Whether you want to join the crowd or bet against it, you have one tough question ahead of you: Is the stock market looking bullish or bearish?
To be sure, this question is always hanging in the air. But it has become a lot louder in recent days, as the S&P 500 flirts with five-year highs and sentiment indicators point to rising enthusiasm among small investors.
Last Friday’s report from EPFR showed an enthusiastic charge into equity mutual funds and exchange-traded funds. Over a one-week period ended last Wednesday, investors bought a net $22-billion (U.S.), marking the second-biggest inflow for data going back to 1996.
The biggest inflow? That would be in 2007, a mere month before the S&P 500 hit a record high.
Does this late-innings interest signal too much enthusiasm for stocks, priming the market for disappointment? Or does it suggest that, at last, money is beginning to flow from the sidelines following a long period of investor skepticism?
Barry Ritholtz sounds worried: “I am more concerned that following a four-year 108 per cent bull cycle in equities, and a year of double-digit gains, the public suddenly rediscovers stocks,” he said on his blog, The Big Picture.
Cam Hui at Humble Student of the Markets sympathizes with the contrarian impulse here – especially after adding in the latest survey from the American Association of Individual Investors, showing a jump in bullish views, and the observation from David Rosenberg of Gluskin Sheff that “almost everyone I talk to [in the United States] is now bullish.”
Yet, Mr. Hui suspects that the bearish signal is too strong to be useful: “The sentiment picture seems just a little too neatly packaged to me and it would be just a little too easy to be overly bearish here. Positive flows into equity funds after a long winter of negative flows could be interpreted as positively as the return of bullish momentum.”
In other words, things are so bullish that they’re clearly bearish, which might be bullish. It’s enough to make your head hurt. His solution: Expect more upside, but keep an eye on the exits.
Ed Yardeni, of Yardeni Research, agrees: “The end of the bull market might be nearing if individual investors are finally starting to scramble to ride the charging bull,” he said in a note. “If so, then there is likely to be lots more upside, though it could all happen in a shorter period of time than anyone imagined.”
Meanwhile, the valuation picture is mixed. Savita Subramanian, equity and quant strategist at Bank of America, has taken a look at the relative valuation of the S&P 500, using data going back to 1986.
Overall, the index looks attractive: On price-to-book, price-to-operating cash flow and forward price-to-earnings, the S&P 500 is below its average. That implies gains ranging from 11 per cent to 32 per cent, which is very bullish.
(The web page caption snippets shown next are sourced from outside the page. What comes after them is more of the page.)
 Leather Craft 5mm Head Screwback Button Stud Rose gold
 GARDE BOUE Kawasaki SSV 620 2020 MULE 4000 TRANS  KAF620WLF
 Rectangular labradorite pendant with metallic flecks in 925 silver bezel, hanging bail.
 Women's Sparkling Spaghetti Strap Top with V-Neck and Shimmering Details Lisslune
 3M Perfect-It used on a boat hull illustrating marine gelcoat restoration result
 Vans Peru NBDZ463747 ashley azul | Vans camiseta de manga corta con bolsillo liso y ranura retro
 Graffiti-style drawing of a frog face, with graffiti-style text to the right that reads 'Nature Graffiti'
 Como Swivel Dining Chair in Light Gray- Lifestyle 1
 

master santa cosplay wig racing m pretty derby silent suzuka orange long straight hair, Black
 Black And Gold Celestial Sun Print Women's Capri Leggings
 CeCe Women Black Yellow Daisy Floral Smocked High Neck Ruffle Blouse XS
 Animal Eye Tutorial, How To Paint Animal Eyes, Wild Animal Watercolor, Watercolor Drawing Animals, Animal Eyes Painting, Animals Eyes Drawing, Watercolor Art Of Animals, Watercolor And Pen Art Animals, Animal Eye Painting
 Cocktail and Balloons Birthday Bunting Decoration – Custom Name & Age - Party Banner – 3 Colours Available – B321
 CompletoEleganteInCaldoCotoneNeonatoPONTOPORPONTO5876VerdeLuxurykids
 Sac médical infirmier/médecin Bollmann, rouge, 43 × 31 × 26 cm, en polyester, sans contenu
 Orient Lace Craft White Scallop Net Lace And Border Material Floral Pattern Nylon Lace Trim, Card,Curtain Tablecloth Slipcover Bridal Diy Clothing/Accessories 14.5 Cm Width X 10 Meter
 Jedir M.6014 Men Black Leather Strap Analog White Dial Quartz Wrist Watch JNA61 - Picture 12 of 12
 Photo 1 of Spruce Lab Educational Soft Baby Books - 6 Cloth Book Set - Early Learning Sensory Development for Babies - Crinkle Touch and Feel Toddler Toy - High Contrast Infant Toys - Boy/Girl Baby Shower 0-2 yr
But her enthusiasm comes with some caveats relating to specific groups. Health-care and technology stocks look the most attractive, based on relative valuations. Consumer discretionary stocks, telecom stocks and utilities look primed for a retreat.
At pivotal moments for the market – say, the tech-bubble high in 2000 or the financial crisis low in 2009 – getting the direction of the market right has fed big returns in a very short time period.
Many investors believe that we are at another pivotal moment today. However, the debate is over whether stocks are about to pivot up or down. And the debate is growing more urgent.